→ **The problem**: Each line from the top of the listing down to and including the line with "Entgleister Güterzug sorgt" must be duplicated exactly; pictures are to be skipped.

→ **Raw data**:
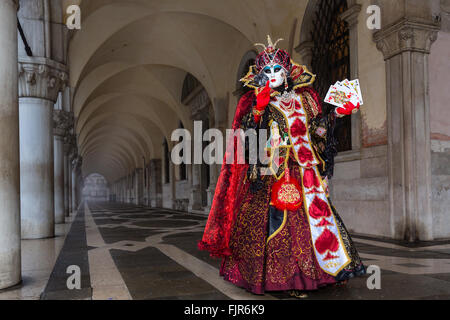 Eine Frau, die sich für den Karneval in Venedig, Venetien, Italien gekleidet Stockfoto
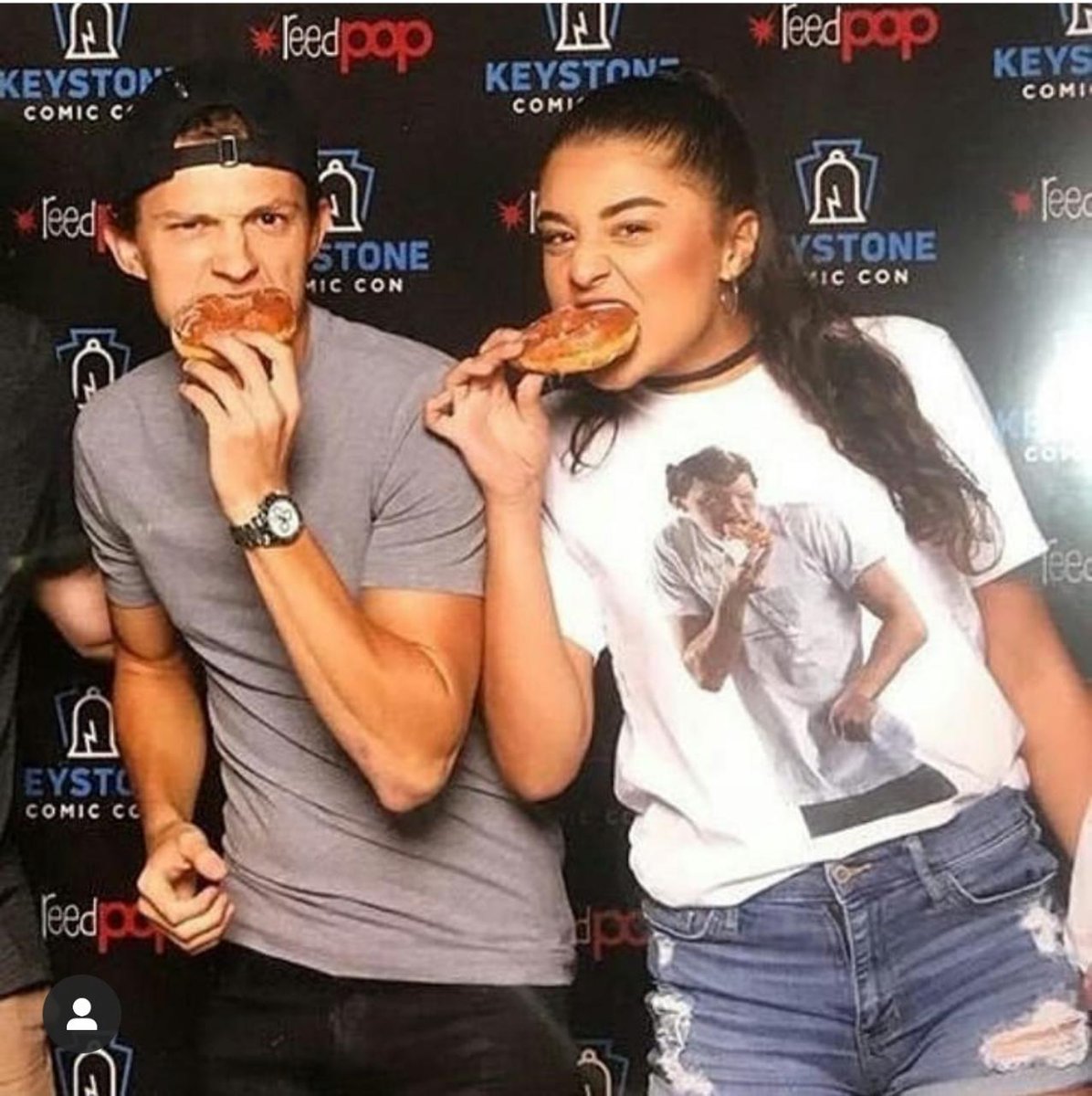 champagnemmilf's tweet photo. não me levem a mal me levem pra conhecer o tom holland!!! #KeystoneComicCon https://t.co/06A6ug0wON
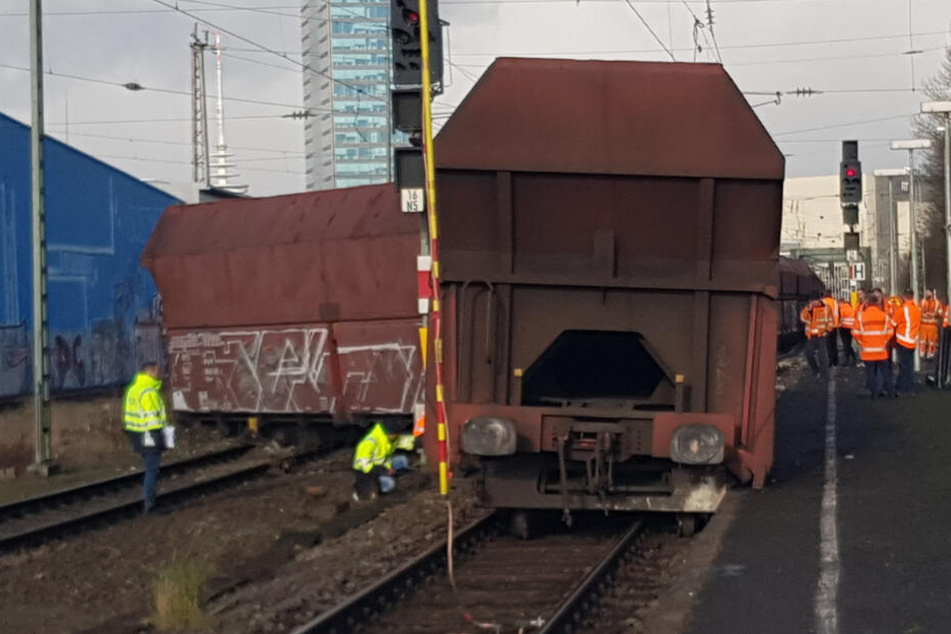 Entgleister Güterzug sorgt weiterhin für Behinderungen im Bahnverkehr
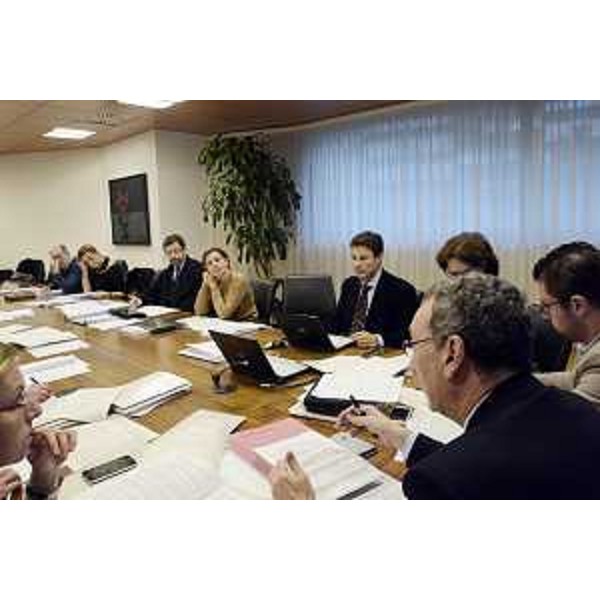 Sergio Bolzonello (Vicepresidente Regione FVG e assessore Attività produttive, Turismo e Cooperazione) durante la riunione della II Commissione consiliare per l'illustrazione del ddl 161 "Disposizioni per l'adeguamento e la razionalizzazione della normativa regionale in materia di commercio", dello stralcio 129-01 "Modifiche all'articolo 84 bis della legge regionale 29/2005 concernente il Centro di assistenza tecnica alle imprese del terziario", del ddl 162 "Disciplina delle politiche regionali nel settore turistico e dell'attrattività del territorio regionale nonché modifiche alle leggi regionali 2/2002, 29/2005, 4/2016, 18/2015 in materia di turismo" e dello stralcio 101-01 "Modifica all'articolo 11 della legge regionale 25/1996 in materia di agriturismi" - Udine 02/11/2016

→ **Finished task**:
 Eine Frau, die sich für den Karneval in Venedig, Venetien, Italien gekleidet Stockfoto
 champagnemmilf's tweet photo. não me levem a mal me levem pra conhecer o tom holland!!! #KeystoneComicCon https://t.co/06A6ug0wON
 Entgleister Güterzug sorgt weiterhin für Behinderungen im Bahnverkehr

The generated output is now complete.